Word for word, and with pictures excluded, copy out all the records that follow.
***** Data to use
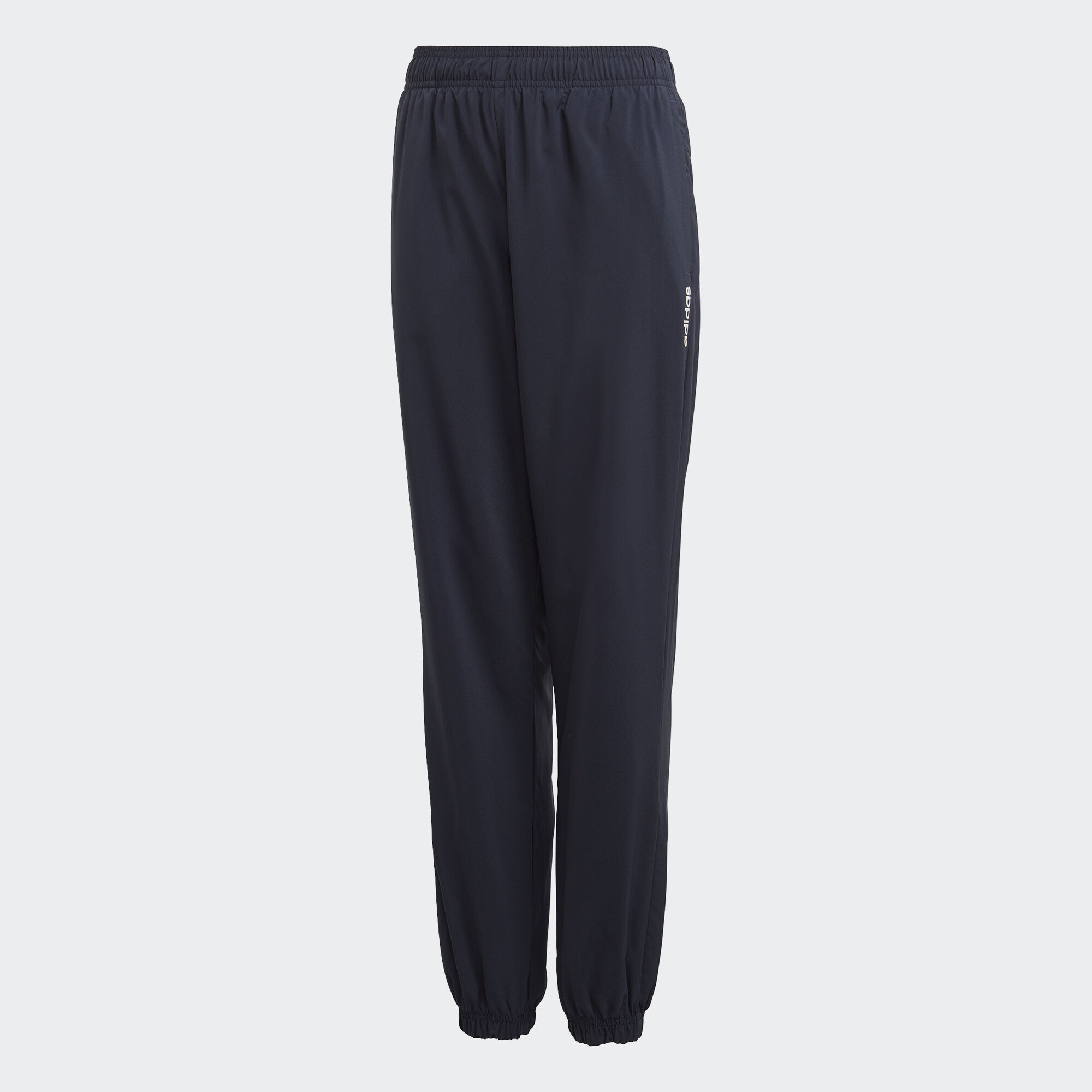 фото Детские брюки adidas yb e pln stf pt ei7925 цв.синий р. 122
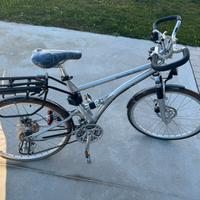 Bicicletta Mercedes Benz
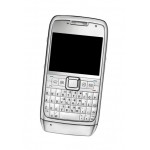 Home Button Complete For Nokia E71 Grey By - Maxbhi Com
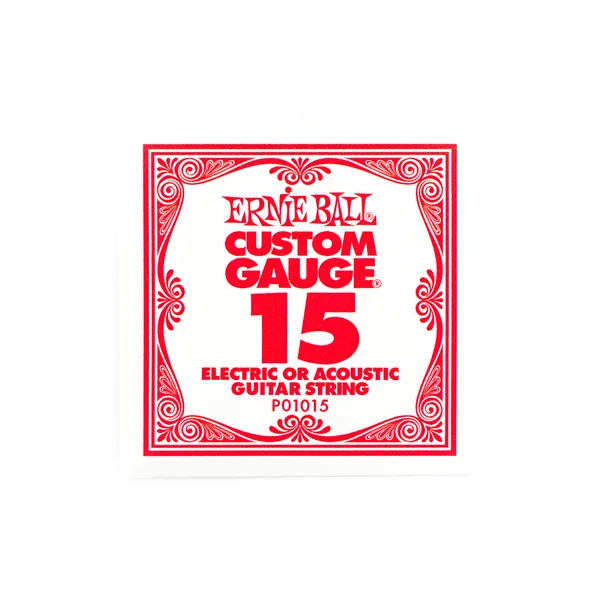 Ernie Ball 015 Single String Slinky Set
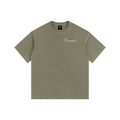 Train Hard Oversized Cotton T-Shirt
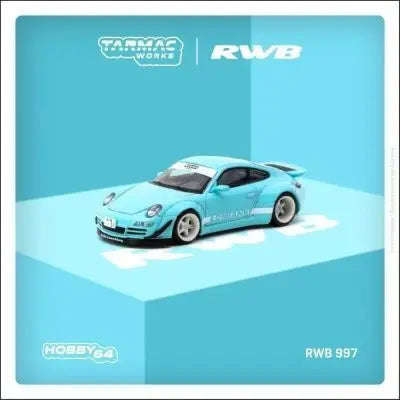 Tw 1 64 RWB 997 Lomianki T64 057 Lo Simulated 1:64 Diecast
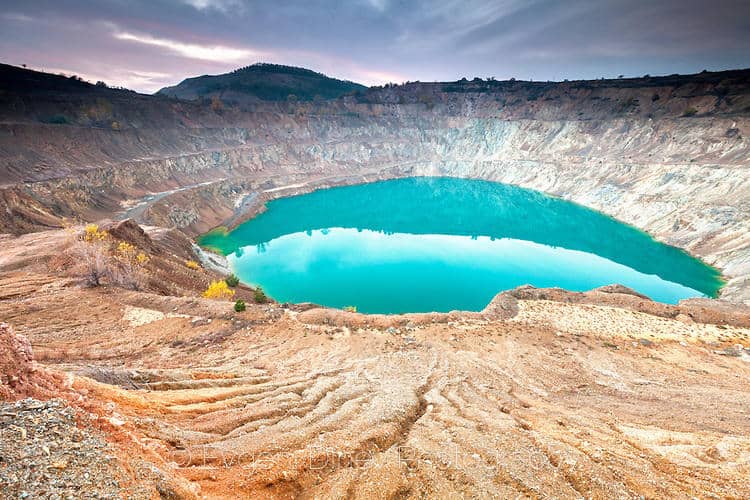 Tsar Asen mine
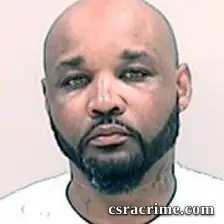Kenta Hatcher booking photo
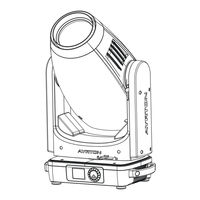 Ayrton Mistral User Manual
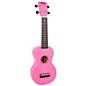 Mahalo Rainbow Series MR1 Soprano Ukulele Pink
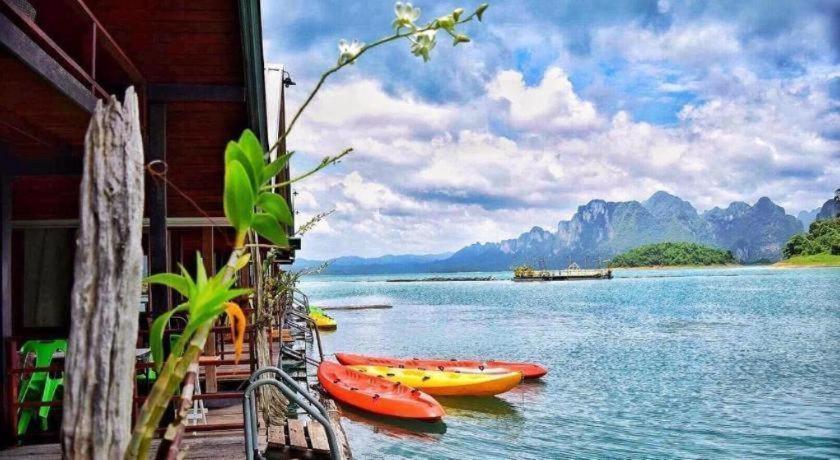 Orchid Lake House Ban Wang Khon Екстер'єр фото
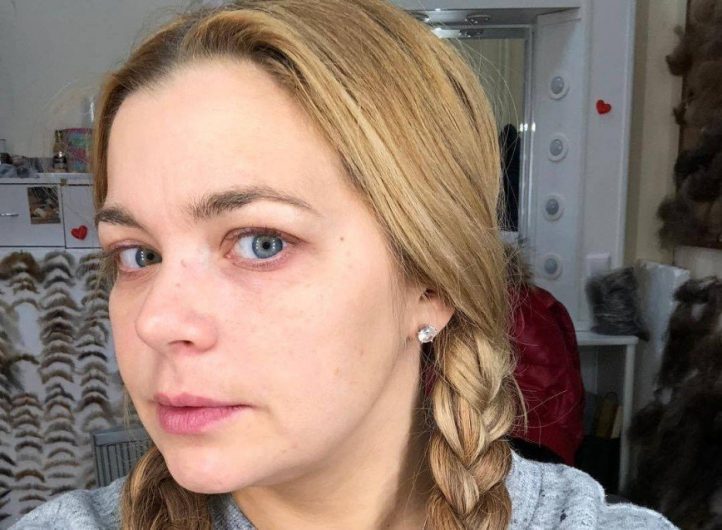 Ирина Пегова похудение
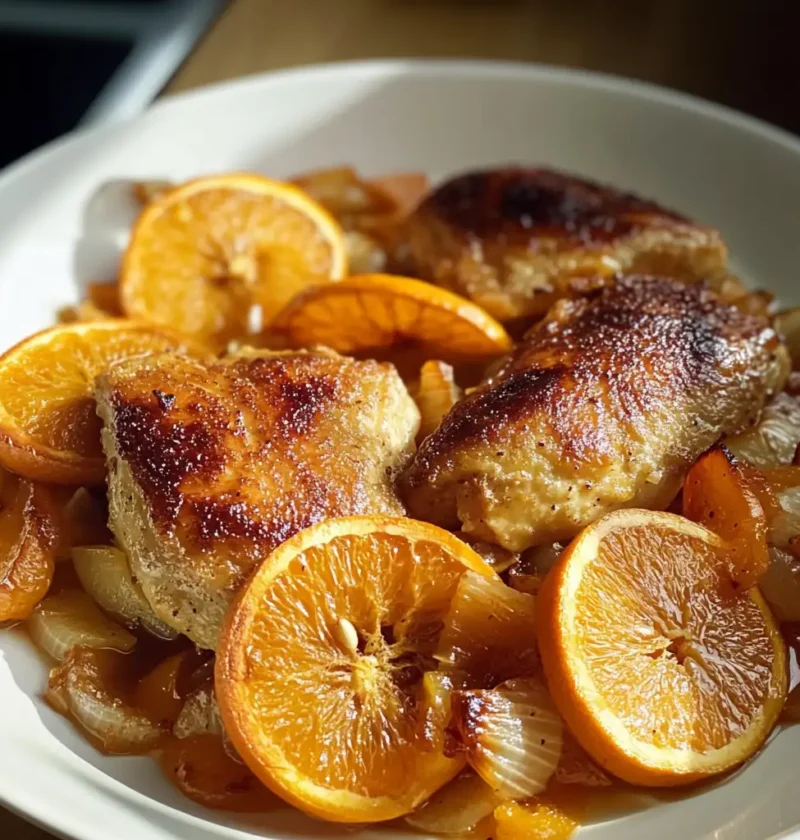 Knuspriges Orangenhähnchen aus dem Ofen: Saftig, aromatisch und einfach 1 sidou0054764 httpss.mj .runZXqZvMPaUV4 Amateur photo fromv red 50de7787 4c0b 4eb7 bb90 0307a05fa336 1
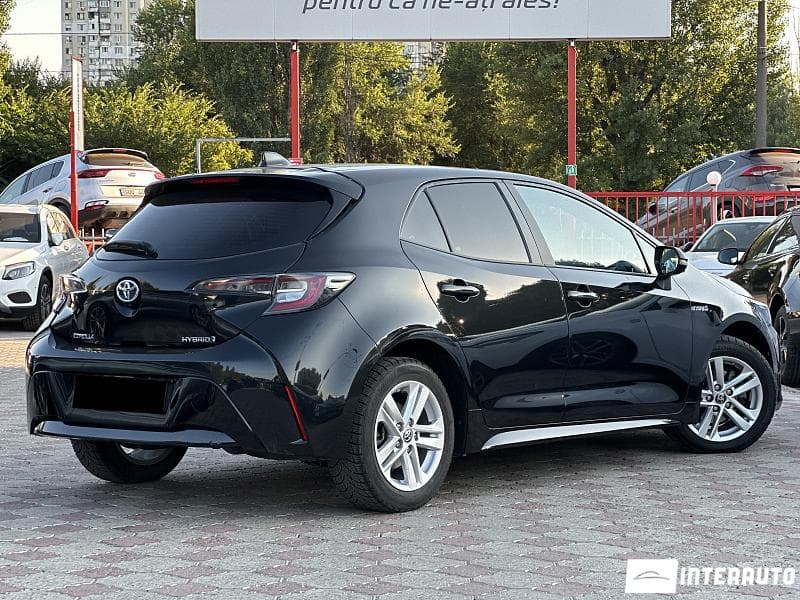 Toyota Corolla 2021 — Миниатюра 2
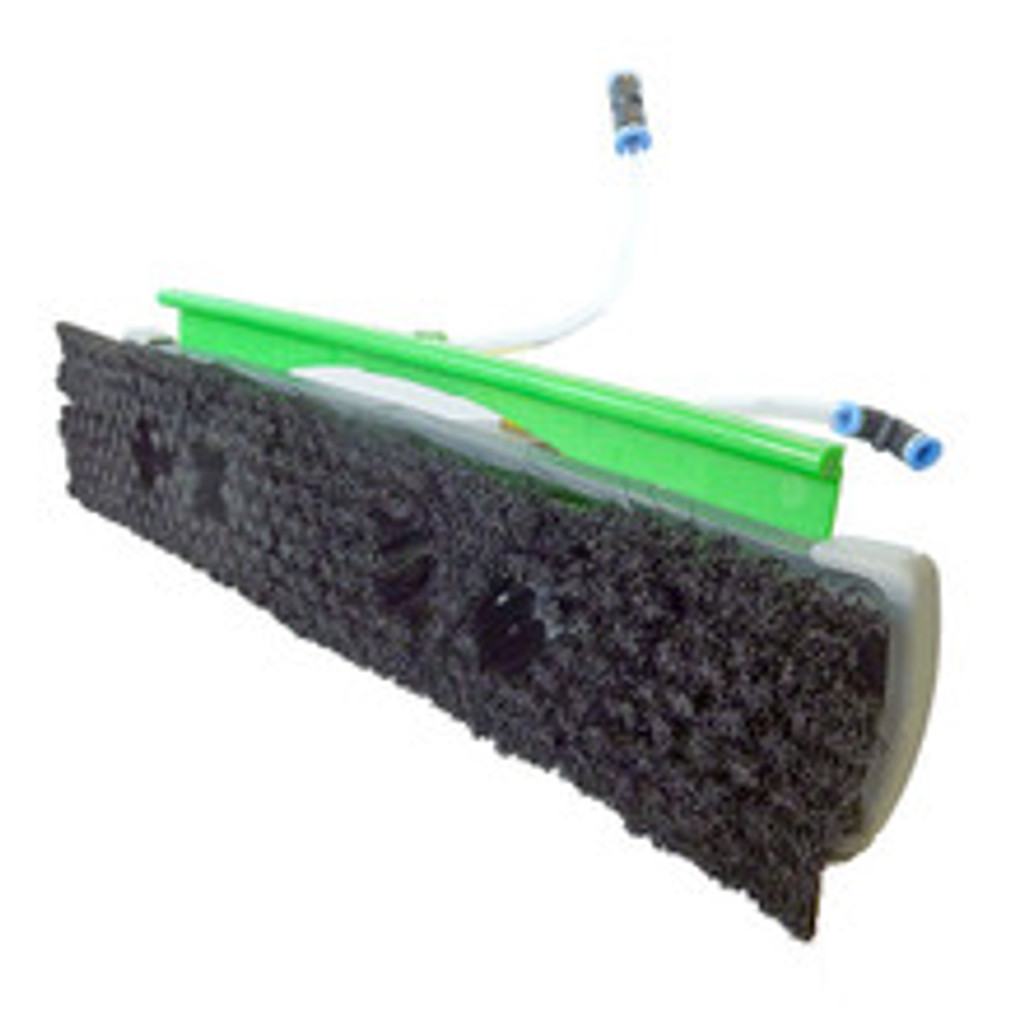 Unger nLITE® Soft Brush Complete, unflagged, 16\"/41cm - bottom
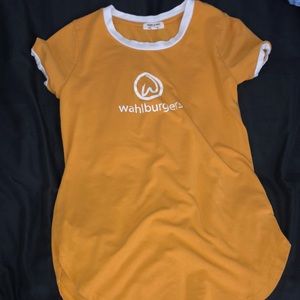 wahlburgers shirt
**********
Response to this task:
 фото Детские брюки adidas yb e pln stf pt ei7925 цв.синий р. 122
 Bicicletta Mercedes Benz
 Home Button Complete For Nokia E71 Grey By - Maxbhi Com
 Ernie Ball 015 Single String Slinky Set
 Train Hard Oversized Cotton T-Shirt
 Tw 1 64 RWB 997 Lomianki T64 057 Lo Simulated 1:64 Diecast
 Tsar Asen mine
Kenta Hatcher booking photo
 Ayrton Mistral User Manual
 Mahalo Rainbow Series MR1 Soprano Ukulele Pink
 Orchid Lake House Ban Wang Khon Екстер'єр фото
 Ирина Пегова похудение
 Knuspriges Orangenhähnchen aus dem Ofen: Saftig, aromatisch und einfach 1 sidou0054764 httpss.mj .runZXqZvMPaUV4 Amateur photo fromv red 50de7787 4c0b 4eb7 bb90 0307a05fa336 1
 Toyota Corolla 2021 — Миниатюра 2
 Unger nLITE® Soft Brush Complete, unflagged, 16\"/41cm - bottom
 wahlburgers shirt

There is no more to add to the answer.